------ Records provided

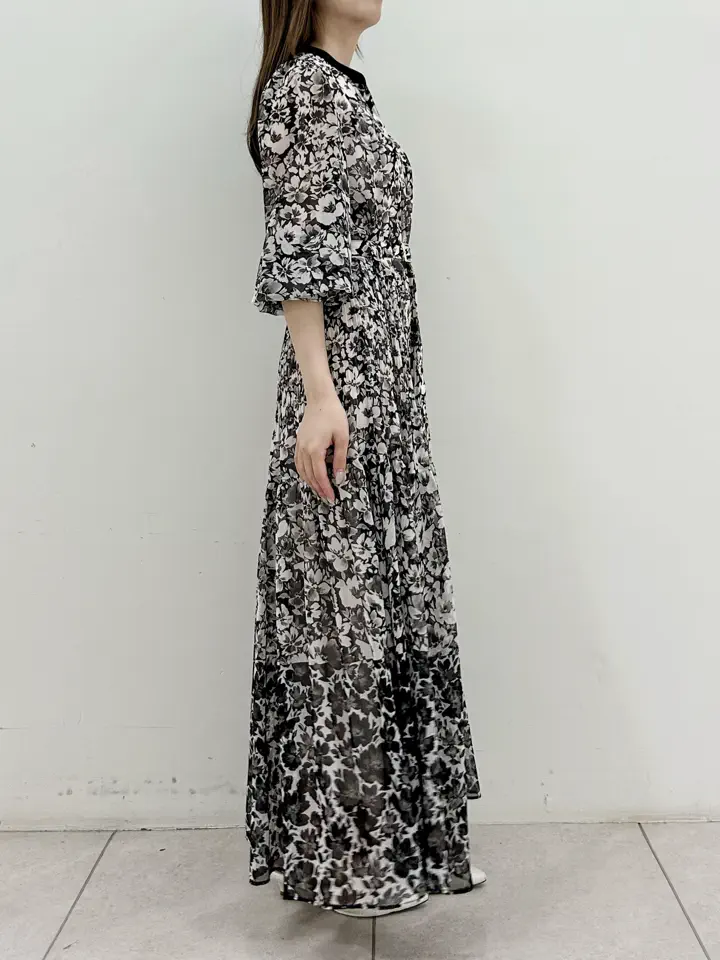 GRACE CONTINENTAL Miu Akamatsu コーディネート画像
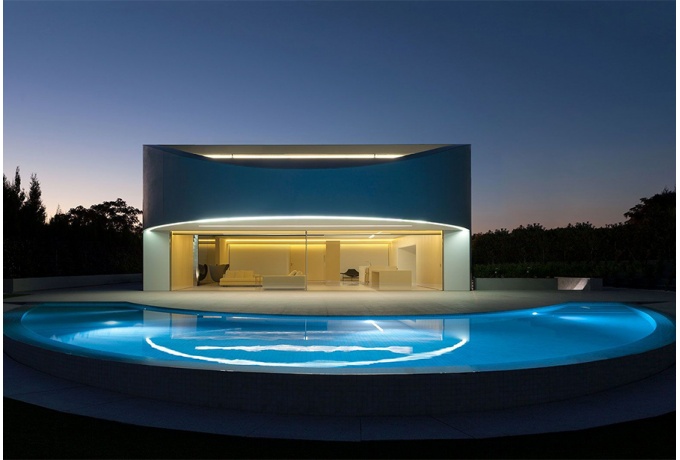 Eclairage terrasse et piscine<br/> Crédit photo : OPAZO Diego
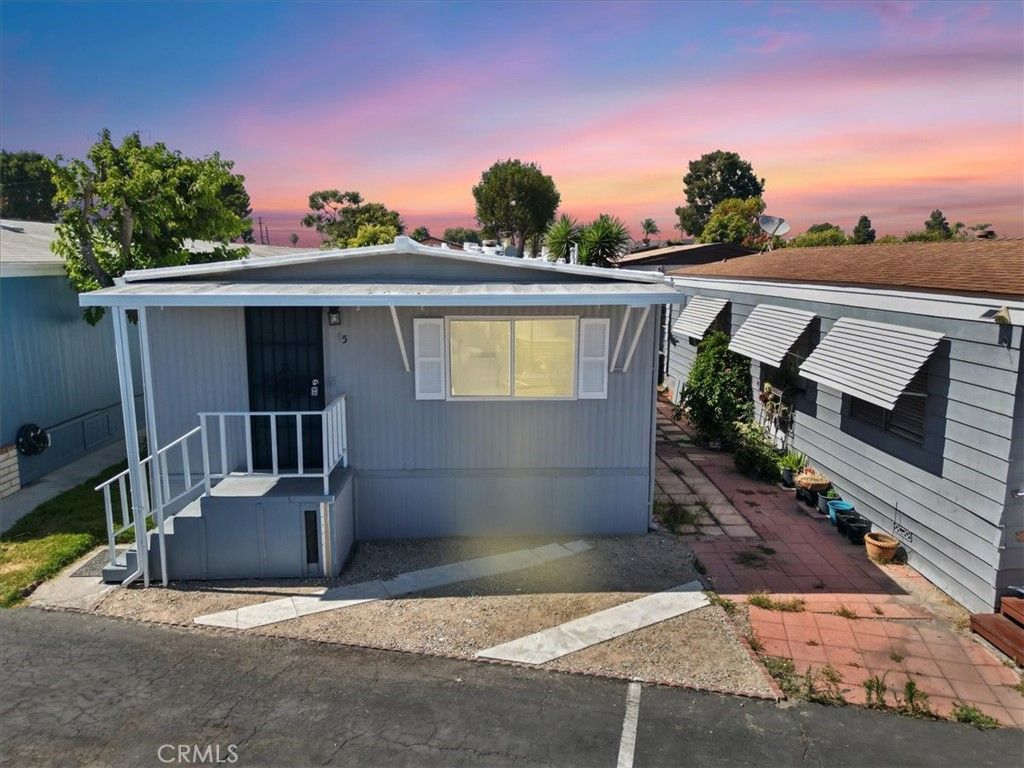 Image 1 of property listing at 14272 Hoover 45, Westminster, CA 92683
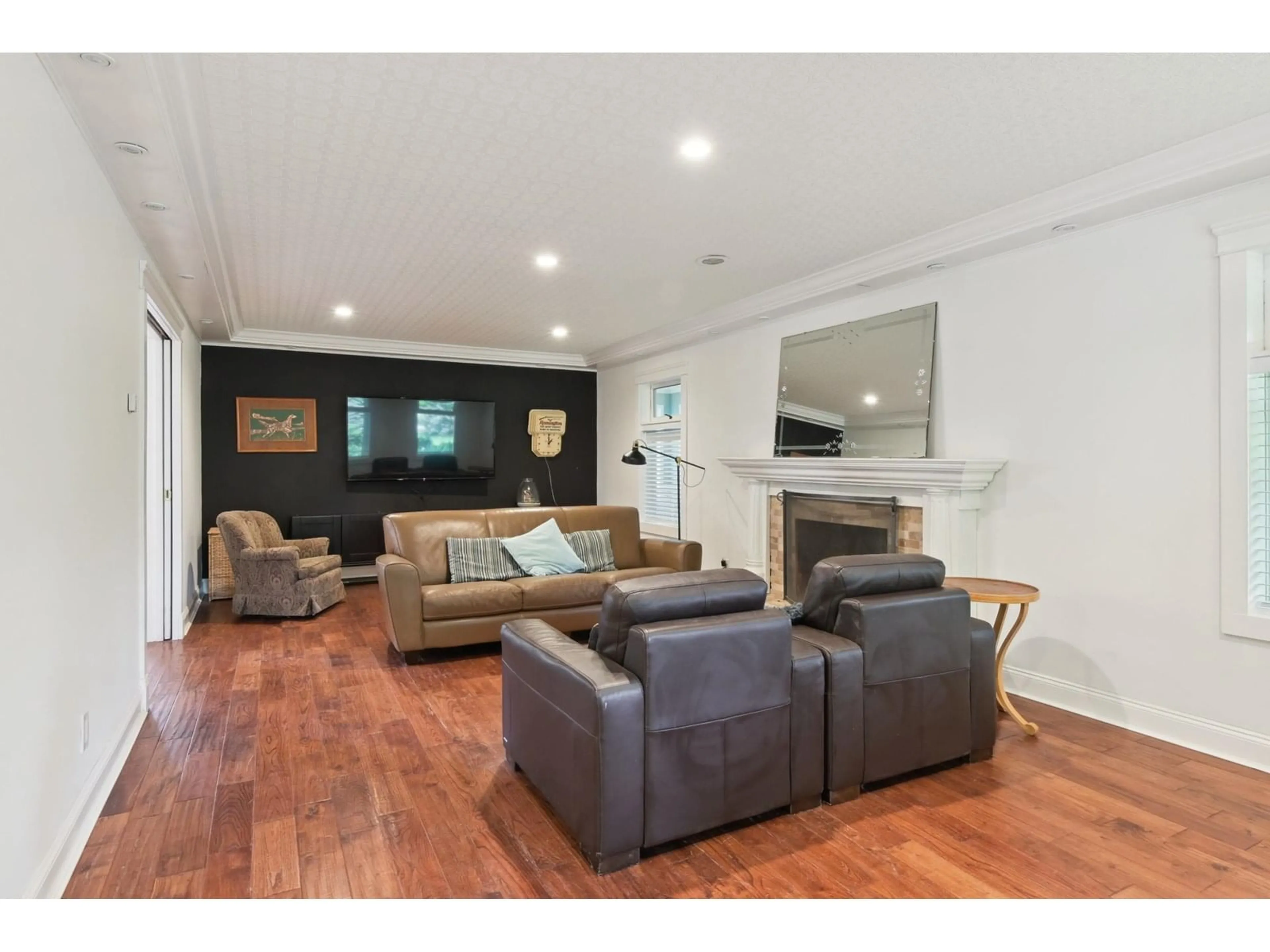 Living room with furniture, wood/laminate floor for 4664 236, Langley British Columbia V2Z2S4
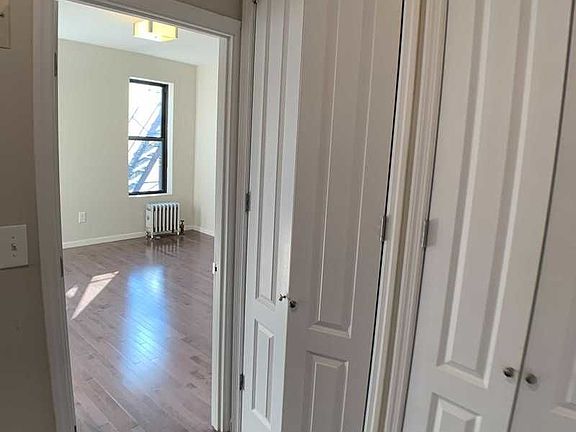 4th image of 377 Montgomery St APT C16
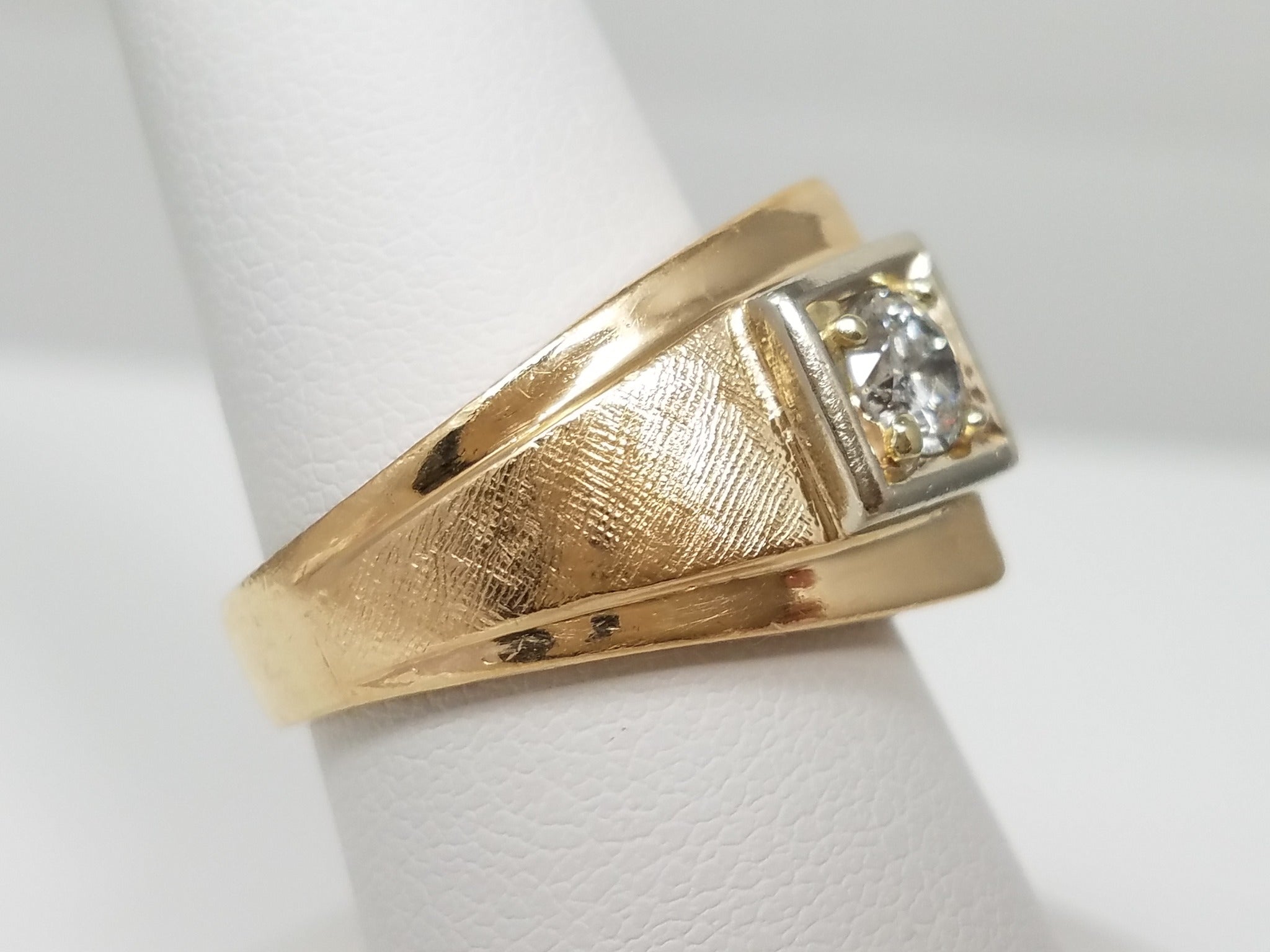 Chic Vintage 14k Yellow Gold Natural Diamond Solitaire Ring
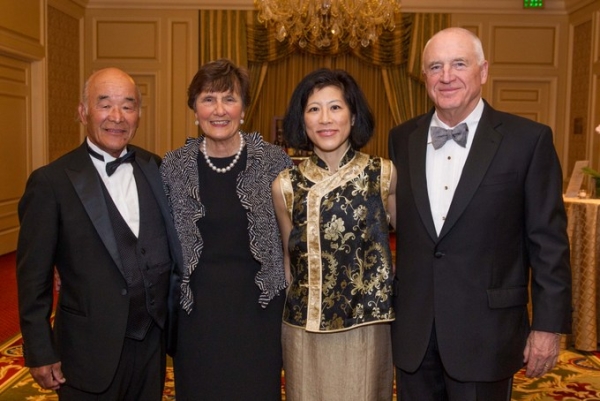 Hiro Ogawa, Susy Wadsworth, Barbara Koh, and Jack Wadsworth mingle in the VIP reception area. (Drew Altizer/Asia Society)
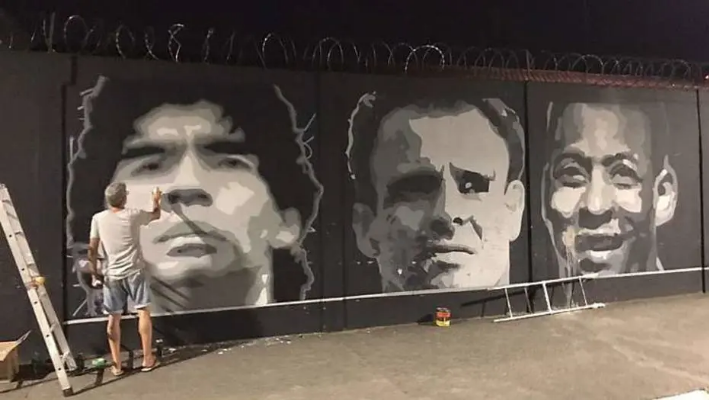 Santos pintou o rosto de Maradona no muro do CT Rei Pelé Foto: Divulgação/Santos FC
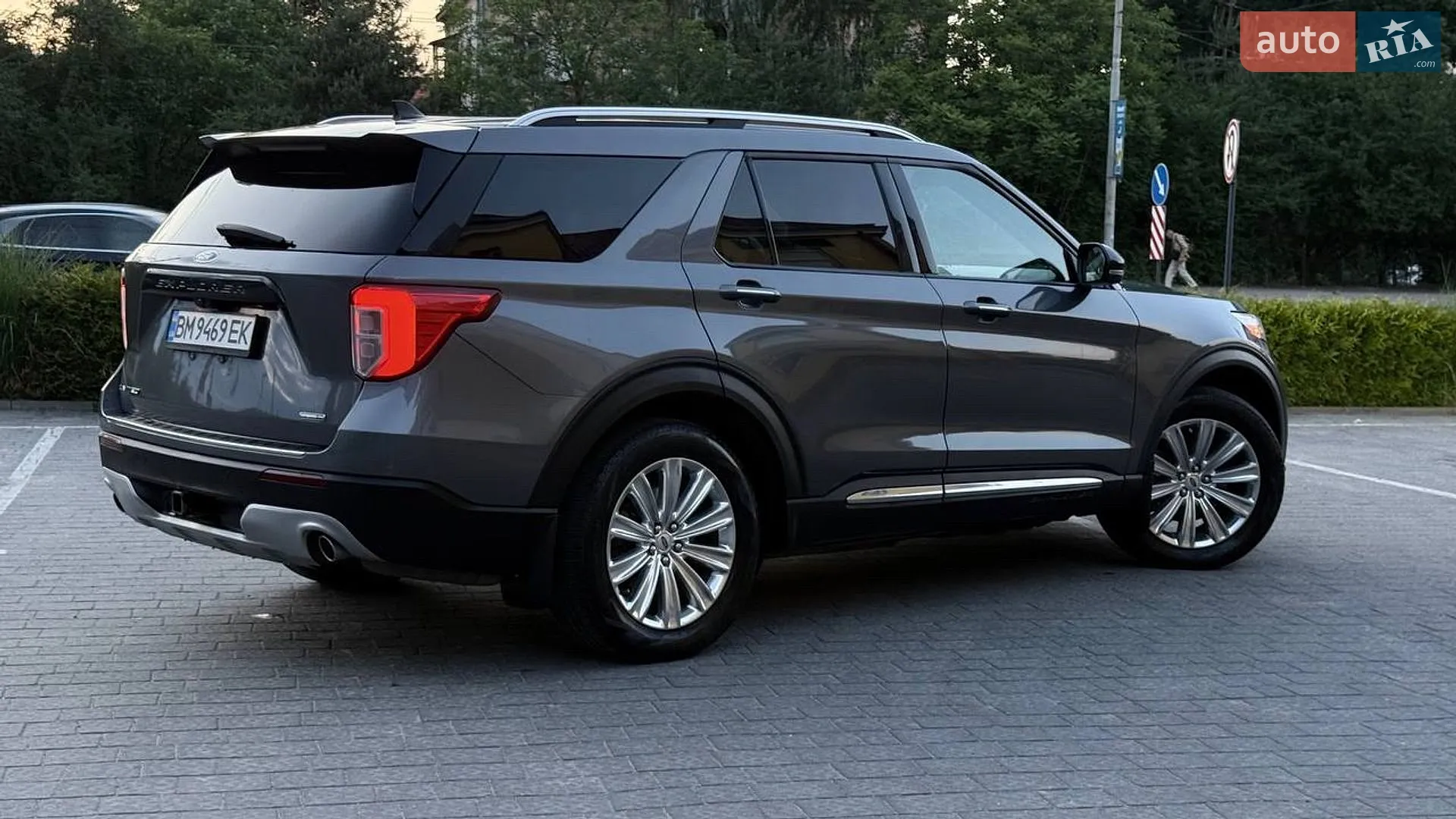 2021 Ford Explorer - мініатюра 16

------------

_Exercise requirements:_ In your copy, exclude the pictures and repeat each entry above exactly.

_Solution for this exercise:_
 GRACE CONTINENTAL Miu Akamatsu コーディネート画像
 Eclairage terrasse et piscine<br/> Crédit photo : OPAZO Diego
 Image 1 of property listing at 14272 Hoover 45, Westminster, CA 92683
 Living room with furniture, wood/laminate floor for 4664 236, Langley British Columbia V2Z2S4
 4th image of 377 Montgomery St APT C16
 Chic Vintage 14k Yellow Gold Natural Diamond Solitaire Ring
 Hiro Ogawa, Susy Wadsworth, Barbara Koh, and Jack Wadsworth mingle in the VIP reception area. (Drew Altizer/Asia Society)
 Santos pintou o rosto de Maradona no muro do CT Rei Pelé Foto: Divulgação/Santos FC
 2021 Ford Explorer - мініатюра 16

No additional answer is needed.